──────── Task material ────────

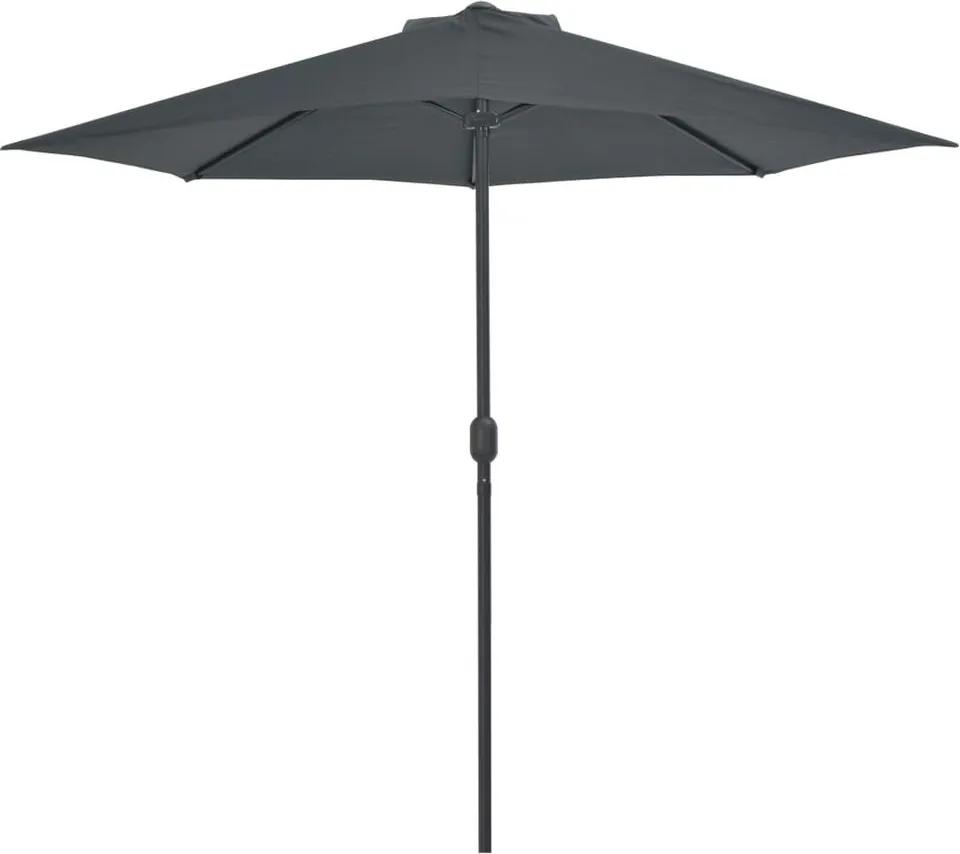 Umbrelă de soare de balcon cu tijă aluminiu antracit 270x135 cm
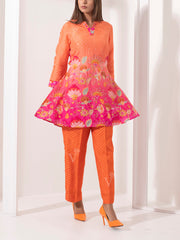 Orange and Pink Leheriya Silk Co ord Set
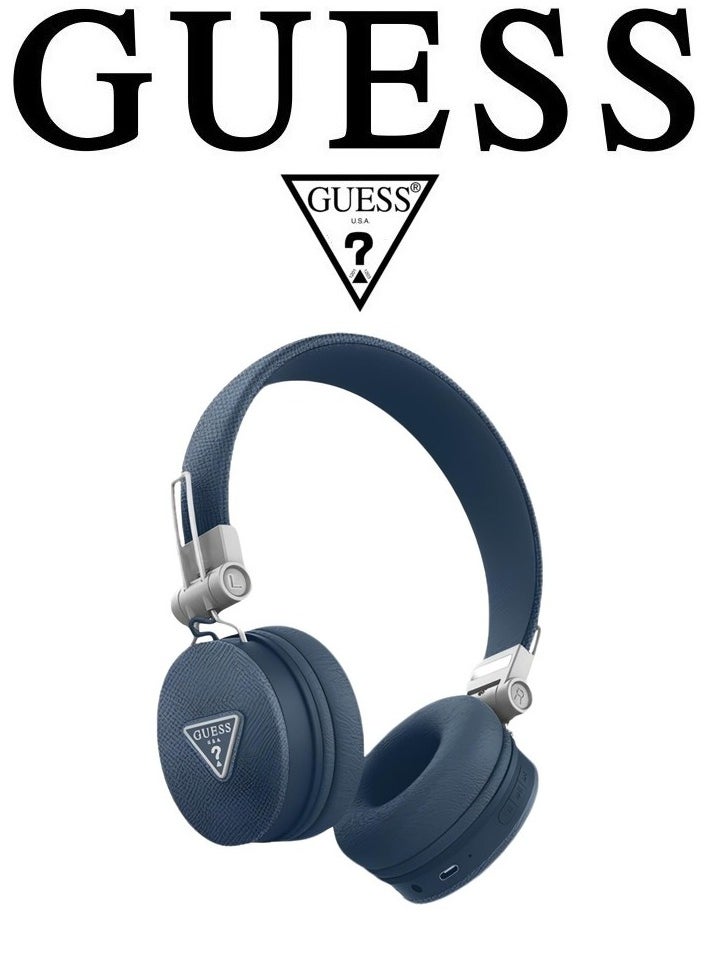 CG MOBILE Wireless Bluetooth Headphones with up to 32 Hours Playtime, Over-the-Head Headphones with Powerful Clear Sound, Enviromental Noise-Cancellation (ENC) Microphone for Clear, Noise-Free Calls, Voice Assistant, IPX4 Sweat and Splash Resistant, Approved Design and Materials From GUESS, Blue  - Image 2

────────
──────── Task material ────────

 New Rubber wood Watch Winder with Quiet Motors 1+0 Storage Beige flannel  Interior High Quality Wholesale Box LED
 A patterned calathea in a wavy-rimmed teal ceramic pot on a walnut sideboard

────────

* Description of the task: Using the data above, retype exactly the lines from the line with "Umbrelă de soare" to the line with "Orange and Pink Leheriya Silk Co ord Set", inclusive. No pictures and nothing else.

* Exercise solution:
 Umbrelă de soare de balcon cu tijă aluminiu antracit 270x135 cm
 Orange and Pink Leheriya Silk Co ord Set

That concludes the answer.